Referees Make Delayed Correction
Dec. 22, 1997
DENVER (AP) _ Referee Jerry Markbreit issued a rare ``correction'' in Sunday's San Diego-Denver game, waving off a safety about two minutes after the ruling had been made.
Barely five minutes into the game, the Chargers were awarded a safety when Denver quarterback John Elway was whistled for intentional grounding in the end zone.
Scoreboard replays, however, clearly showed Elway released the pass from the 2-yard line instead of the end zone, and fans booed lustily every time it was shown.
About two minutes later _ as both special teams came onto the field and Denver was about to execute a free kick _ Markbreit stopped play. He huddled with other officials and issued a correction, saying there was no safety.
Markbreit insisted the reversal was not prompted by the scoreboard replay. Asked if his crew saw the replay, he said, ``We did not.''
Markbreit made the intentional grounding call after noticing Elway threw the ball into an area where there was no receiver while he was still in the pocket.
``I threw my flag, and when I realized the flag and he were lying in the end zone, I went up with the safety call,'' Markbreit said.

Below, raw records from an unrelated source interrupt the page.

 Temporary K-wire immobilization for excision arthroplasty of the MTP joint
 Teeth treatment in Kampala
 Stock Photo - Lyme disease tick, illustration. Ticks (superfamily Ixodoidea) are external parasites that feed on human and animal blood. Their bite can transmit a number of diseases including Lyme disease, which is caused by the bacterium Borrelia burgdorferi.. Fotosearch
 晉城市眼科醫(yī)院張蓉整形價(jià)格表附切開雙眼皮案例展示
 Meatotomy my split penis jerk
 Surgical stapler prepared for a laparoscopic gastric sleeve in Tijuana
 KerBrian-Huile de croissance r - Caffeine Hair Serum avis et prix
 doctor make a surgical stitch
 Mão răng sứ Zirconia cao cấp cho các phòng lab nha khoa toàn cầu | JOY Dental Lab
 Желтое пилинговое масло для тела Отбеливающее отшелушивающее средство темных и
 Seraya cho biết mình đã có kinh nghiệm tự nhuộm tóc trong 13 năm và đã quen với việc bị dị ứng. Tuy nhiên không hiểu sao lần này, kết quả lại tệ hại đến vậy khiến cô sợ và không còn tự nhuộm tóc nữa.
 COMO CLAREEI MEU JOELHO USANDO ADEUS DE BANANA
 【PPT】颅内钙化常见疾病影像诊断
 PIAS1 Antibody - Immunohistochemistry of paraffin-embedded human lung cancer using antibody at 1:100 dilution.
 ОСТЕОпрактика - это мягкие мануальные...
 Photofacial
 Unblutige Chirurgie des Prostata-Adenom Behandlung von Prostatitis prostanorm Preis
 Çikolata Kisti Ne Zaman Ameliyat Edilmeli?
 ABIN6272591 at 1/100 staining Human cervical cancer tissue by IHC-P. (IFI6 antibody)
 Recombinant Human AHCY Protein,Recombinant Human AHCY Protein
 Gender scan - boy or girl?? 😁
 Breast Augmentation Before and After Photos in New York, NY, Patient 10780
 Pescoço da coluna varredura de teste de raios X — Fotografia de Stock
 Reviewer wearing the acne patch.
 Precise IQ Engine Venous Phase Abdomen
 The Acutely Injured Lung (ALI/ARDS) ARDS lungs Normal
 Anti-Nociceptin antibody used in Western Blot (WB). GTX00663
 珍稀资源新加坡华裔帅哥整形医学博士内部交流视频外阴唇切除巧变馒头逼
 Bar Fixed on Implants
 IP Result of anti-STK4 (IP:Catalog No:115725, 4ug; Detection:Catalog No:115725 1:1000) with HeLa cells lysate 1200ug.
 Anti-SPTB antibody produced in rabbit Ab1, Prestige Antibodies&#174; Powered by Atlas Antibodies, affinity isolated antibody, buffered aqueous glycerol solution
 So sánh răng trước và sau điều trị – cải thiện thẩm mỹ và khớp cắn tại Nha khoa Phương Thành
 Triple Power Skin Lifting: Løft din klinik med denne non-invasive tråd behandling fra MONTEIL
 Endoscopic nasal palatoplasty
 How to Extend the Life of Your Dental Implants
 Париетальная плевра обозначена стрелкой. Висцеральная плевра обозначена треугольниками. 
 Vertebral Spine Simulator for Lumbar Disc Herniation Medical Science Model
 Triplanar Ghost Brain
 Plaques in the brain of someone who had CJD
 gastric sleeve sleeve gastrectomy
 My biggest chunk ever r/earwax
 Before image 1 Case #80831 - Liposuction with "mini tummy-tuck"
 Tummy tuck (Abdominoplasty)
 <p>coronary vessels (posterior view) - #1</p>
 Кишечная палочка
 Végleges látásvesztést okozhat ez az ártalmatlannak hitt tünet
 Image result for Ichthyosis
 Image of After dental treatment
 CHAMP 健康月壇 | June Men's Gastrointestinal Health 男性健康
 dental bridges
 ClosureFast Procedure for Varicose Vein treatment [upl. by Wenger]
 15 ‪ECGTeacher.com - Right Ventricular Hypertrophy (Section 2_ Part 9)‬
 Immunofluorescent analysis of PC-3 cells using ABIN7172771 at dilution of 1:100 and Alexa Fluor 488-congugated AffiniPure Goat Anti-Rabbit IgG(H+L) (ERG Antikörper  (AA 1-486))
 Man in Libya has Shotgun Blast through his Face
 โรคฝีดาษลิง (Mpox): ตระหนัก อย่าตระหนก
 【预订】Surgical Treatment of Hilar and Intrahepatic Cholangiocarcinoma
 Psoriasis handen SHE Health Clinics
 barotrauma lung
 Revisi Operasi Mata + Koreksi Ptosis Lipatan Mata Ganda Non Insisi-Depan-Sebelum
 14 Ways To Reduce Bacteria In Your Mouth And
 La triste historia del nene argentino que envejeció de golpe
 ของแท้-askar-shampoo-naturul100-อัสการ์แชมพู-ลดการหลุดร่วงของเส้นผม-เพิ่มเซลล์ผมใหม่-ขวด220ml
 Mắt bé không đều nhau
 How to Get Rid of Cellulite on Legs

``My head lineman and line judge conferred after the play was over and came to me and said, `We don't feel that the ball was thrown from the end zone. We feel it was in the field, at about the 2-yard line.' So I made the correction.''
Broncos coach Mike Shanahan complained about the original call.
``Somebody's supposed to help him out,'' he said. ``That's one of the tough decisions for the official. The referee ... can see the guy in the end zone. He needs help from another official who was in the right position. He went back and asked one of his compadres and he said it wasn't in the end zone.''
The officials were involved in another controversial call on Denver's first touchdown early in the second quarter. Elway hit Rod Smith with an 11-yard touchdown pass on a play that initially was ruled incomplete because Smith appeared not to have gotten both feet down in the corner of the end zone.
San Diego defenders celebrated, but the officials then conferred for several seconds and signaled a touchdown instead. Side judge Laird Hayes initially called it incomplete.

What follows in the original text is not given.